Synthetic Seismogram: Definition, Seismic-to-Well Tie, and Log Integration
What Is a Synthetic Seismogram?
A synthetic seismogram is a modelled seismic trace computed by convolving the reflection coefficient series derived from wireline density and sonic log data at a well location with a seismic wavelet, producing a simulated seismic trace that can be directly compared with the real surface seismic data to calibrate the time-depth relationship, identify the geological origin of seismic reflectors, and validate the seismic interpretation at the well control point.
Key Takeaways
- The reflection coefficient series is computed from acoustic impedance contrasts: RC = (Z2 - Z1)/(Z2 + Z1) at each interface.
- Acoustic impedance is the product of bulk density and compressional wave velocity (Z = rho × Vp).
- The wavelet used for convolution must match the dominant frequency content of the actual seismic data at the well location.
- Synthetic-to-real tie quality is improved by check-shot calibration of the sonic log time-depth relationship.
- A good synthetic tie confirms the geological identity of seismic reflectors; a poor tie signals log quality issues or wavelet extraction errors.
How Synthetic Seismograms Are Constructed
The construction of a synthetic seismogram begins with the acoustic impedance log, computed by multiplying the bulk density log (g/cm³) by the compressional wave velocity (m/s) from the sonic log at each depth sample. At each interface between depth samples, the reflection coefficient RC is calculated from the impedance contrast: RC = (Z_below - Z_above) / (Z_below + Z_above). This provides a series of reflection coefficients distributed in depth throughout the well, representing the theoretical reflectivity of the earth at the well location as a function of depth.

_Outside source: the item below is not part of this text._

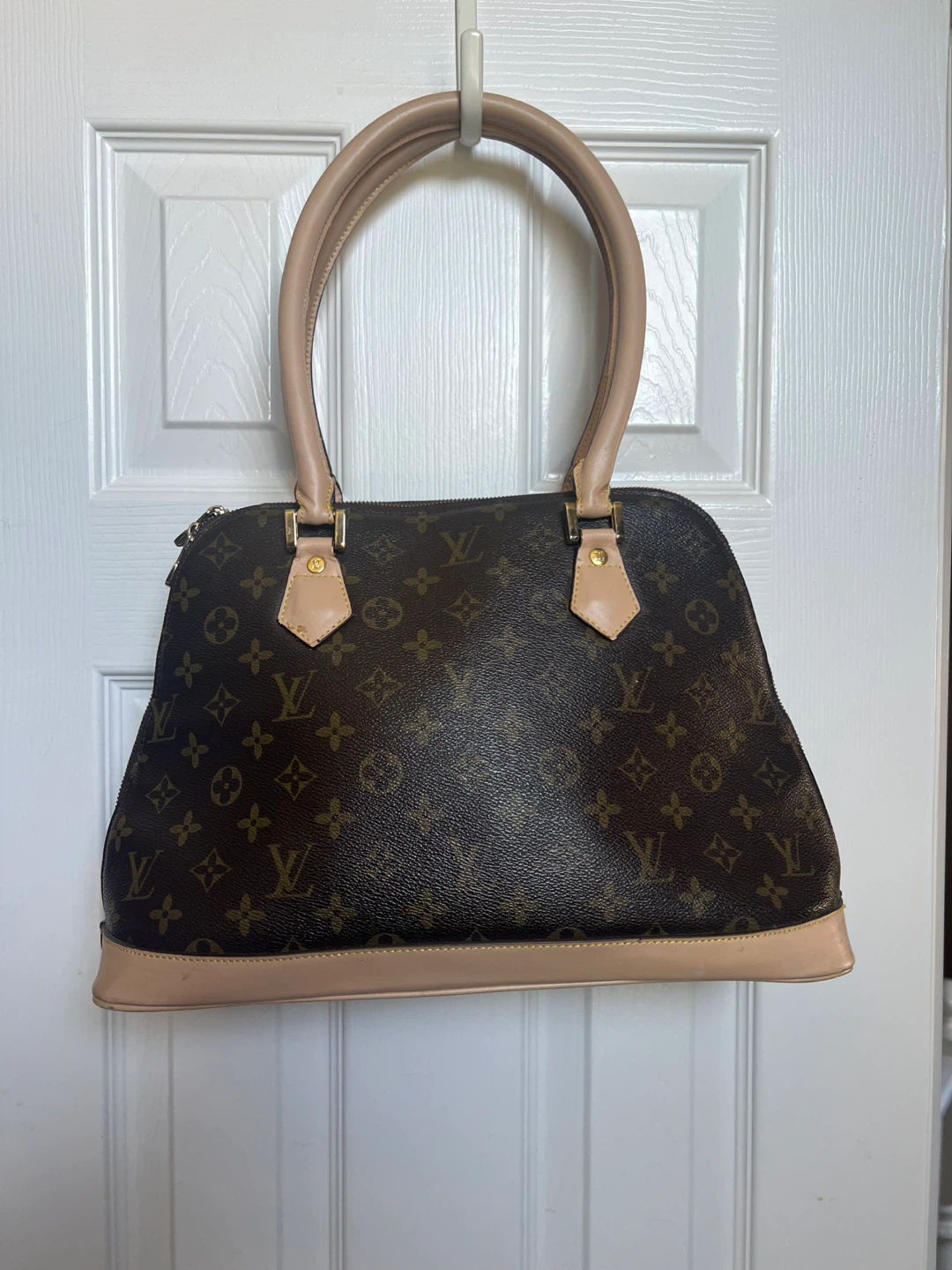 Louis Vuitton Monogram Speedy Bag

The depth-domain reflection coefficient series is converted to the time domain using the check-shot calibrated time-depth relationship from the velocity-shot survey, producing a reflectivity trace as a function of two-way seismic time. This time-domain reflectivity is then convolved with the seismic wavelet to produce the synthetic seismogram. Convolution simulates the effect of the seismic source waveform passing through the reflectivity series: each reflection coefficient becomes a scaled copy of the wavelet, and overlapping responses from closely spaced reflectors interfere constructively or destructively depending on their polarity and separation.
Synthetic Seismogram Applications Across International Jurisdictions
In Canada, synthetic seismograms are a standard deliverable from exploration and appraisal well logging programmes in the WCSB. AER well data submissions include sonic and density logs used to generate synthetics; the seismic-to-well tie from synthetic seismograms is documented in the formation evaluation report that supports pool establishment applications under Directive 065. Montney and Deep Basin tight gas play development uses synthetic seismograms to calibrate amplitude maps for reservoir thickness prediction at well locations before extending those relationships to interwell prediction.
In the United States, synthetic seismograms are required components of Gulf of Mexico deepwater field development technical packages submitted to BSEE; they provide the evidence that the seismic attribute maps used to justify field development well locations have been calibrated at existing well control points. In Norway, Equinor's Johan Sverdrup field development used extensively calibrated synthetic seismograms at every appraisal well to tie the Upper Jurassic reservoir reflector to the log-based formation top picks, enabling the seismic amplitude map to be converted to a net-pay thickness map for resource estimation across the 200 km² field area. In Australia, NOPSEMA-regulated Browse Basin exploration programmes require synthetic seismogram tie documentation as part of the resource estimation methodology review for SEC or PRMS-compliant reserve bookings.
Fast Facts
The seismic wavelet typically used for synthetic seismogram generation has a dominant frequency of 20-60 Hz for conventional exploration seismic data, corresponding to vertical resolutions (quarter wavelength) of 10-30 metres at typical sedimentary basin velocities. Broadband seismic acquisition that preserves frequencies from 2-3 Hz to 100+ Hz enables generation of higher-frequency synthetics that resolve thinner beds and improve the precision of seismic-to-well tie. The difference between a synthetic computed from a standard-bandwidth wavelet and one from a broadband wavelet can be as large as one seismic cycle (approximately 10-20 ms), sufficient to misidentify the geological marker associated with a seismic reflector.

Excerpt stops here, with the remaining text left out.